New Zealand shares fell, led by Kathmandu, on concern a stronger dollar reduces the value of the outdoor retailer's overseas sales. New Zealand Oil & Gas fell as the price of crude oil extended its slide.
The NZX 50 index fell 21.50 points, or 0.4 per cent, to 5502.07. Within the index, 30 stocks fell, 16 rose and four were unchanged. Turnover was $190 million.
The New Zealand dollar jumped against the greenback and Australian dollar after Reserve Bank governor Graeme Wheeler signalled future interest rate rises, even while lowering his projections for the 90-day bank bill rate and economic growth.

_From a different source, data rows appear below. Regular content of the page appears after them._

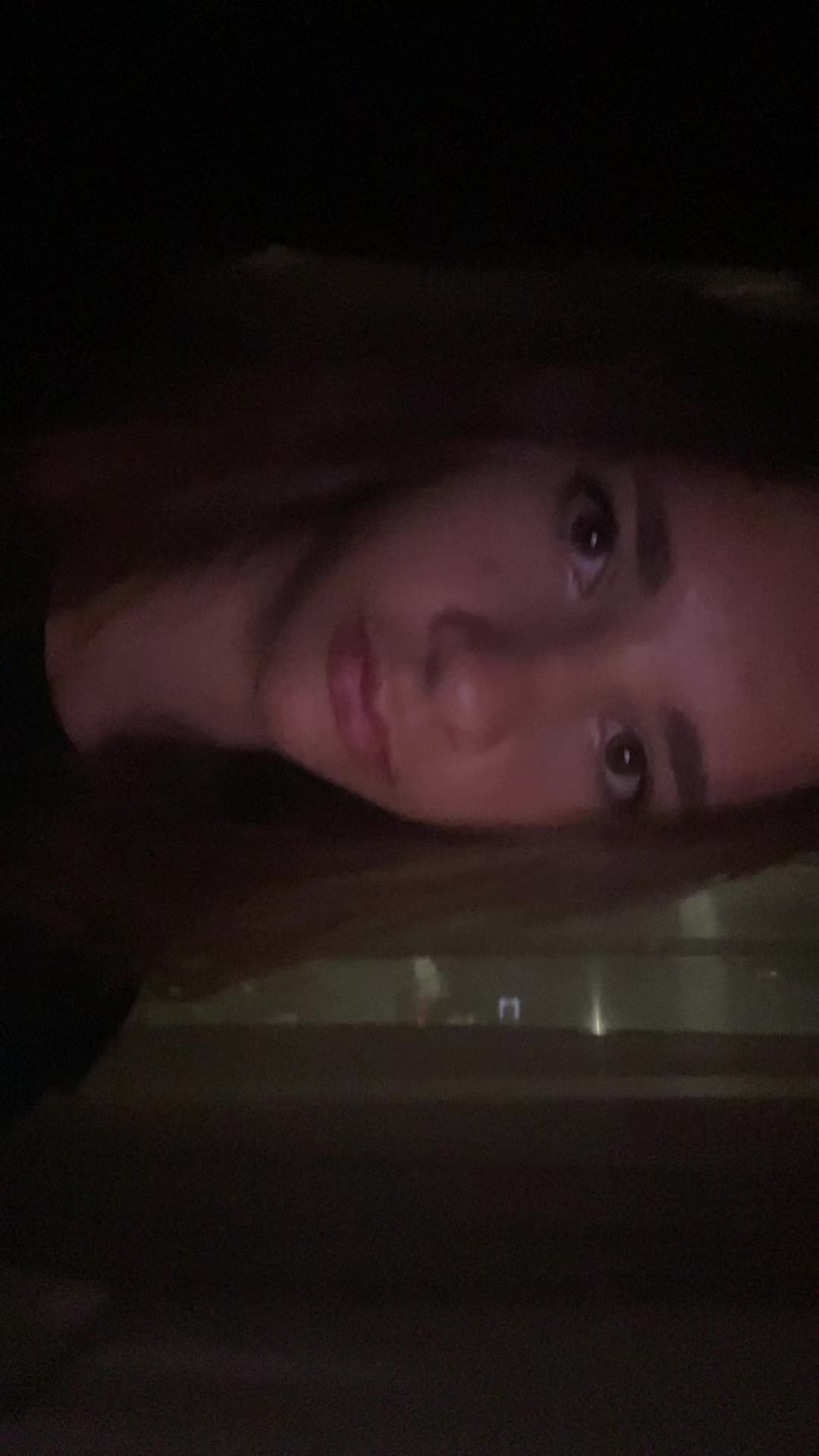 @самса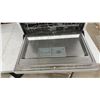Image 6 : Danby DDW611WLED Countertop Dishwasher, 120VAC 60Hz, 6 Place Setting Capacity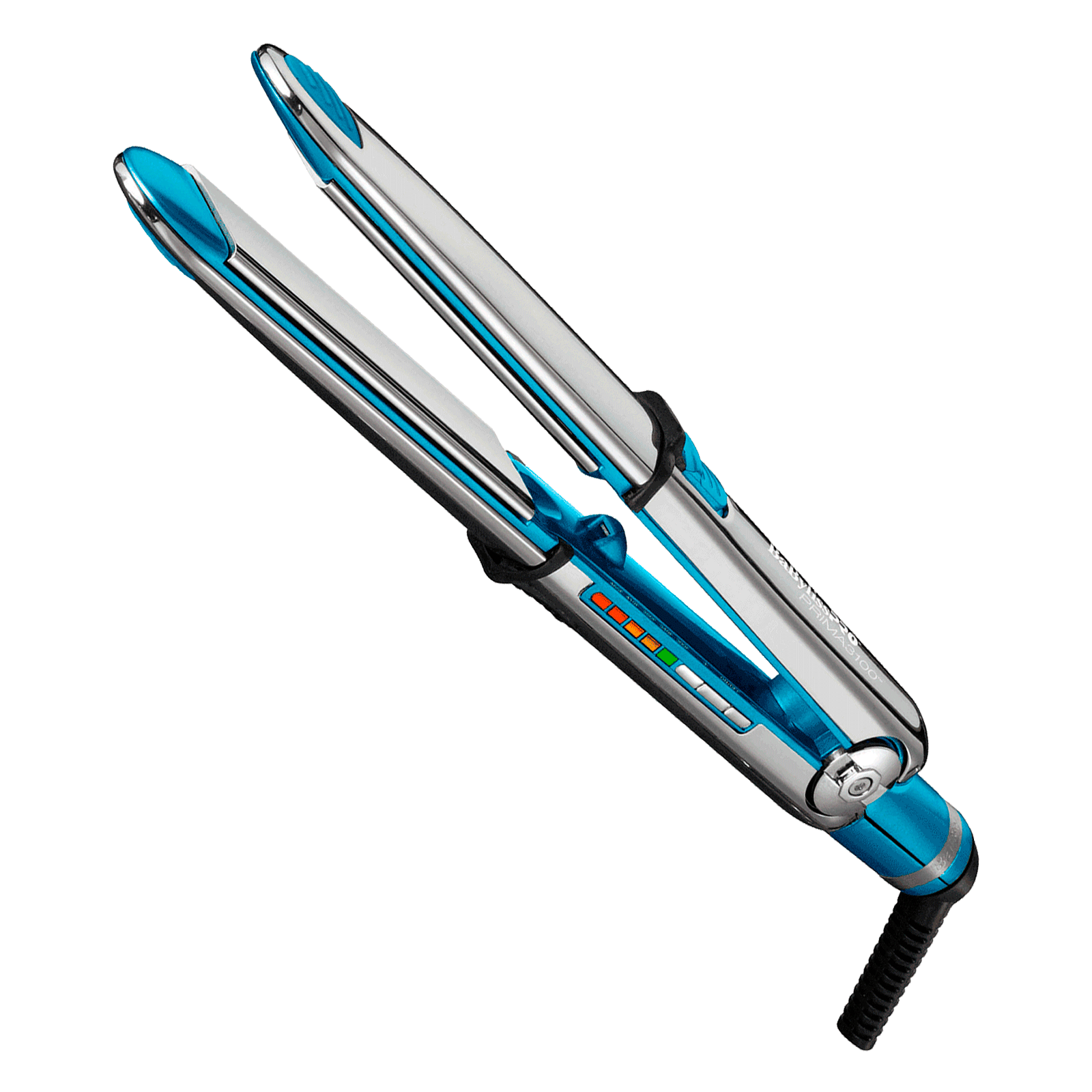 chi straightener ebay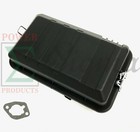 Air Filter For Champion Power Equipment Cpe 208cc 4375 3500 Watts Gas Generator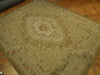 Load image into Gallery viewer, 8x10 Needlepoint Flat Weave Rug - China - bestrugplace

"One of the key things today was the strength of the New Zealand exchange rate, including the kiwi-aussie cross rate," said Matthew Goodson, managing director at Salt Funds Management. "That's part of it, part of it has also been the whole Australasian retail space has been under considerable pressure."

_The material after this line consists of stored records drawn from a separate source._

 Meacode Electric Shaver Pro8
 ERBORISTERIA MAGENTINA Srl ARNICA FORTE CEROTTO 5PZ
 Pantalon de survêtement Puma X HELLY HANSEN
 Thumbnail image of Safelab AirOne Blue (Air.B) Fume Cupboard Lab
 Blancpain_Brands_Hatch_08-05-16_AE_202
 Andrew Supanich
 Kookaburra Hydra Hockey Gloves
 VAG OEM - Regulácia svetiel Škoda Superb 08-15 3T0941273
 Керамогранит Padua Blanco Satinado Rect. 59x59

Overnight, markets on Wall St and in Europe fell with oil prices after Opec downgraded its forecast for 2015 global demand to the lowest level in 12 years. Asian markets followed suit, with Hong Kong's Hang Seng Index dropping 1.1 per cent, Japan's Nikkei 225 Index declining 1.2 per cent and Australia's S&P/ASX 200 Index down 0.6 per cent in afternoon trading.
Kathmandu dropped 6.6 per cent to $2.85. Trade Me Group slipped 4.1 per cent to $3.49.

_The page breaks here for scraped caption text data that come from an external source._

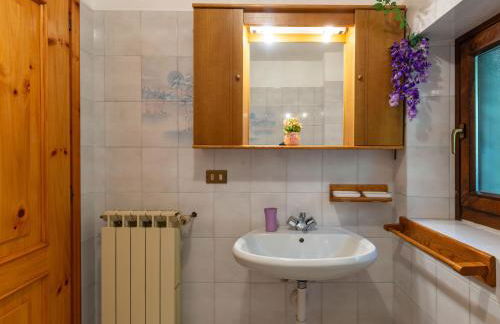 Holiday Home Glicine by Interhome - Foto 55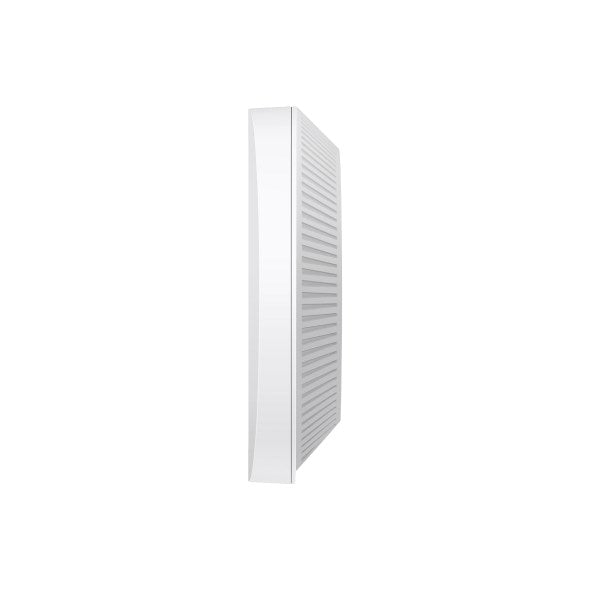 TP-LINK AP TP-Link AX3000 Festa F65(EU) - Wi-Fi 6
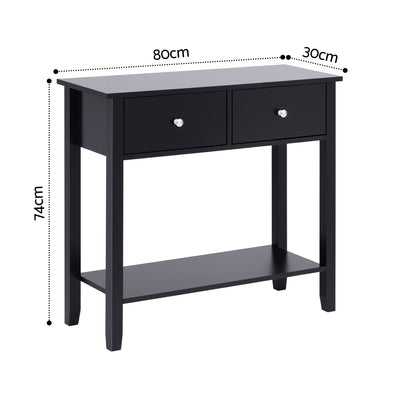 Product specification image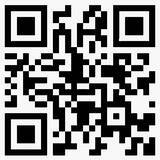 「元泡盛の女王が開発　子どもも楽しめる泡盛パン　「かなさの泡ぱん」お披露目イベント　あすタイムスビル」の画像2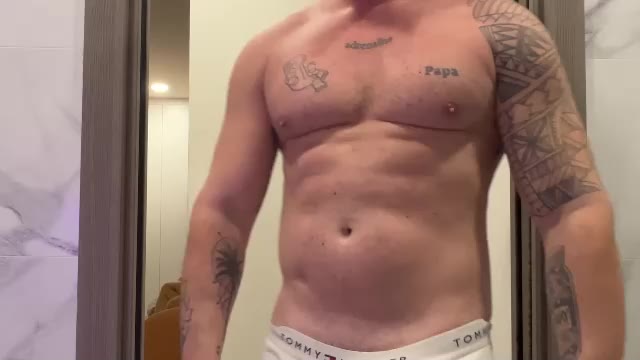 masachusset – уебкам модел в Chaturbate: снимки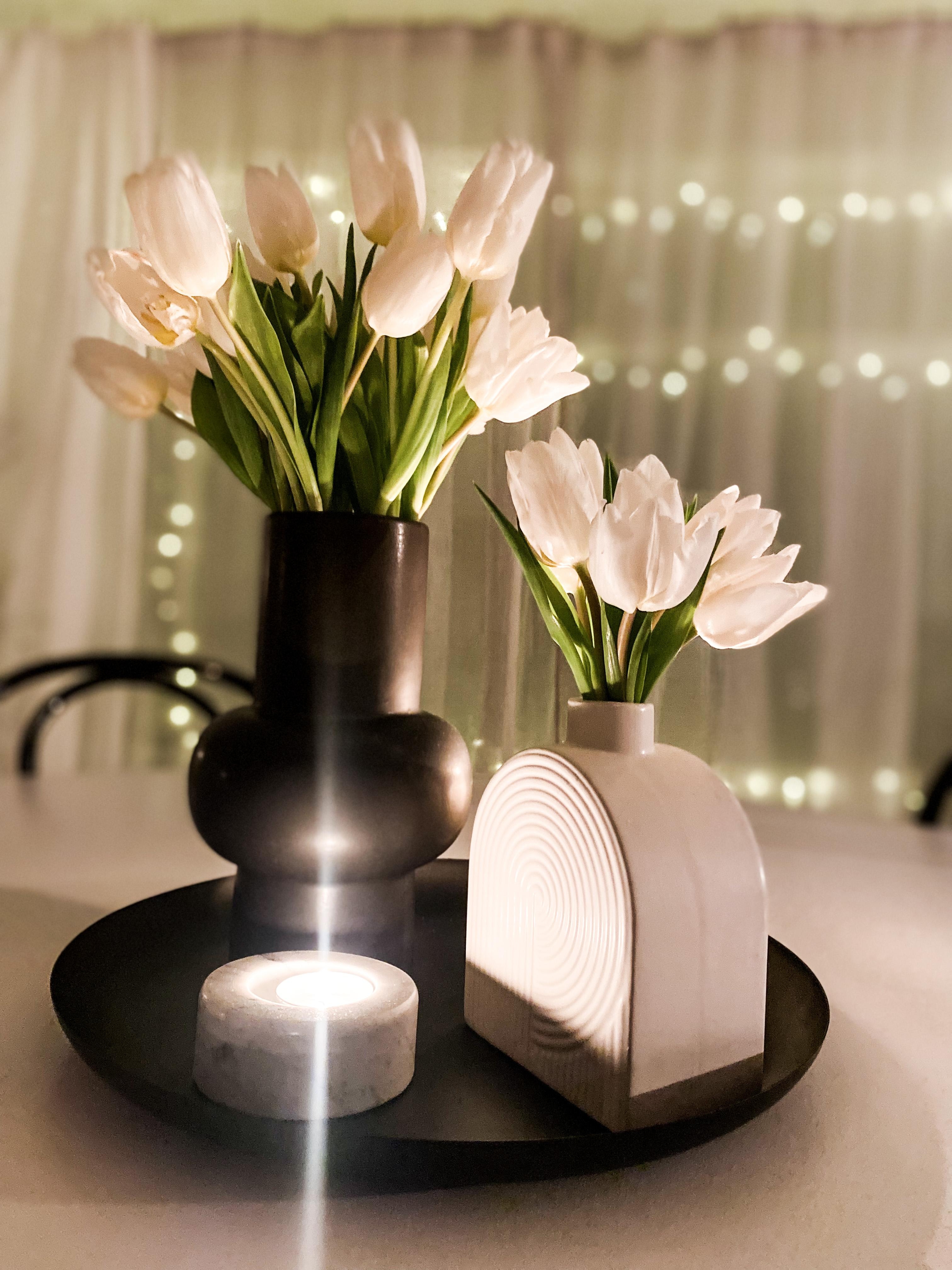 Tulpenliebe 

#tulips #homedecor #dekoideen #vasenliebe #vasenverrückt #cozyhome #interiorinspo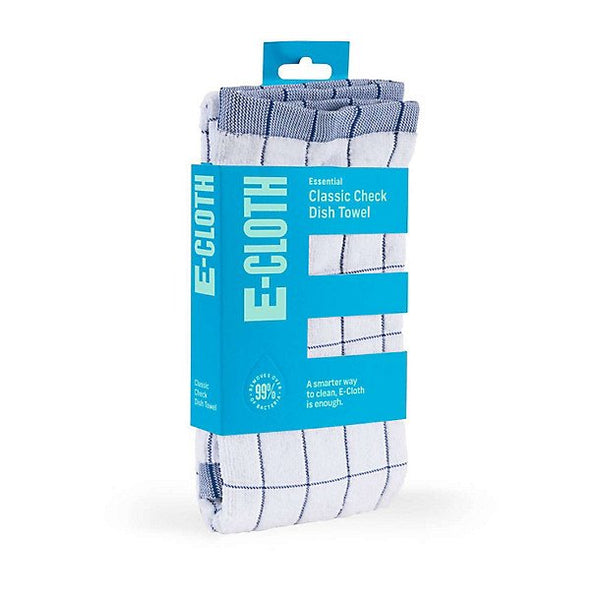 E-cloth Utěrka na nádobí i skleničky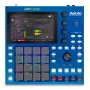 AKAI MPC ONE GEN2 autonominis muzikos gamybos centras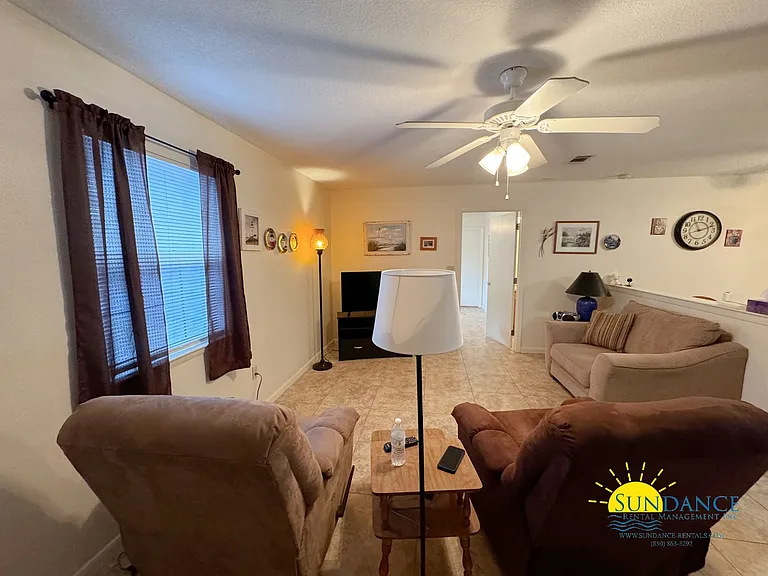 816 Lark St #8 — Photo 4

NZ Oil & Gas, the country's only petrol producer, fell 1.5 per cent to 64c. OceanaGold fell 3.3 per cent to $2.35.
NZX was unchanged at $1.16 after it said it would establish a new board committee to oversee the way New Zealand's financial markets operator manages conflicts.
Xero, the cloud-based accounting software firm, fell 1.3 per cent to $15.99 and Spark, formerly Telecom, rose 1 per cent to $3.17.
Meridian Energy was the best performer on the day, gaining 2.9 per cent to $1.80.
On the New Zealand Alternative Index, GeoOp rose 6 per cent to 53c after the small business app developer widened its first-half loss to $2.7 million from $1.6 million.